Essentially, then, this book is concerned with a complex condition of feeling—concerned, that is, not with what is serious but with what it means to take things seriously. So the book does not aim to provide a full and reasoned roster of things that we should take seriously, what Samuel Beckett (1977, 125) sardonically calls “life, death and other tuppenny aches,” but rather to convene a number of what seem to be prominent accents, occasions, or idioms of seriousness. Even were I minded to offer a guarantee that they form an exhaustive list, or are even the most prominent of ways of being serious, it would be reckless of me to do so.
The book revolves, in ragged and irregular kinds of orbit, around the central principle that the feeling of seriousness is the most powerful and most powerfully organizing of feelings, while also being the most poignantly indeterminate. Caring for our cares means that we want to be serious about things, especially about seriousness itself. And yet there is no qualia of seriousness, nothing that it is like, to feel the seriousness of something.

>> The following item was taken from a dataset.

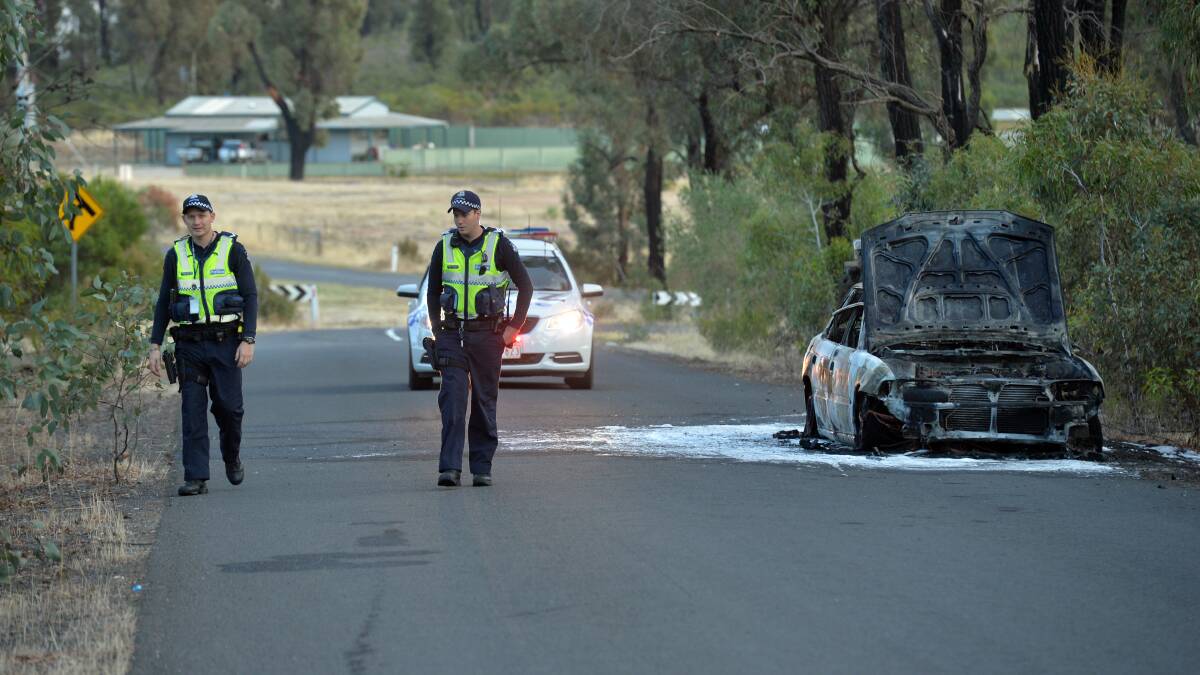 BURNT: Police near a burnt out Subaru in Long Gully. Picture: BLAIR THOMSON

By this I mean, as one always must when making this kind of proposition, something like the antic opposite. Because there is nothing that it is like to feel serious (nothing that seriousness unmistakably and immemorially is), we are forced to depend on things that seriousness is like (things that seem to us to have a convincing resemblance to seriousness)—that is, on semblances, stand-ins, enactments, makeshifts, supposings, proxime accessits. Seriousness is the puppet-play demanded by the deepest passion—unless it is the impassioning of that puppetry.